4 October 1843 – Alan Mair
Meet our second octogenarian of the year, Alan Mair who was done for murder on this day in 1843.
Unlike Salem Witch Trial victim Giles Corey, today’s subject was truly abusive by all accounts. His name was Alan Mair and it was his violent temper that landed him in a whole heap of trouble north of the border. For this man in the twilight of his life had committed murder.
What a Mair
Mair shared his home with common-law wife Mary Fletcher who was a year older than him at 85. But unlike Mair, Fletcher was poorly – unable to walk very well or stand up straight, Fletcher was pretty much dependent on Mair for everything. And it turned out he had come to hate her and often wished her dead.
And that fatal wish came true soon enough. Or maybe it wasn’t a moment too soon for our long-suffering victim.
Witnesses were to come forward later and state that he would often starve Fletcher and keep food under lock and key, according to National Library of Scotland, which has reproduced salacious reports written at the time of the case.
Things came to a head when the accused apparently beat Fletcher bloody. A witness saw her in her bruised state having heard the commotion and found her and the bed bloodied. Naturally the police were called, but it was too late.
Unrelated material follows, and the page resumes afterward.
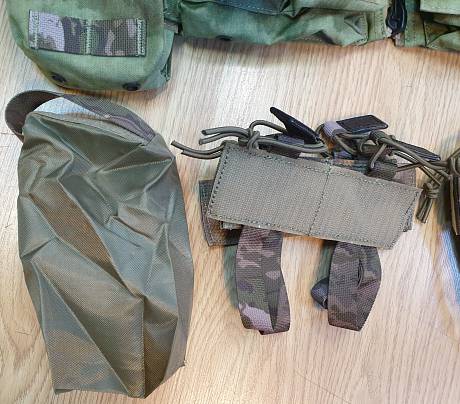 Разгрузка тактическая военная пояс тактический с лямками фото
The case had morphed from one of GBH to murder and the prime suspect was Mair himself.
Perish the thought
He was found guilty of murder and sent down to await the date when his penalty would be carried out. But that didn’t stop him trying to take control of his end date. Mair went on a hunger strike, but eventually caved in. And when the word came through that his appeal had been rejected, he steeled himself for the inevitable.
The old man was hanged in Stirling apparently following a few brief struggles as he swung to his death.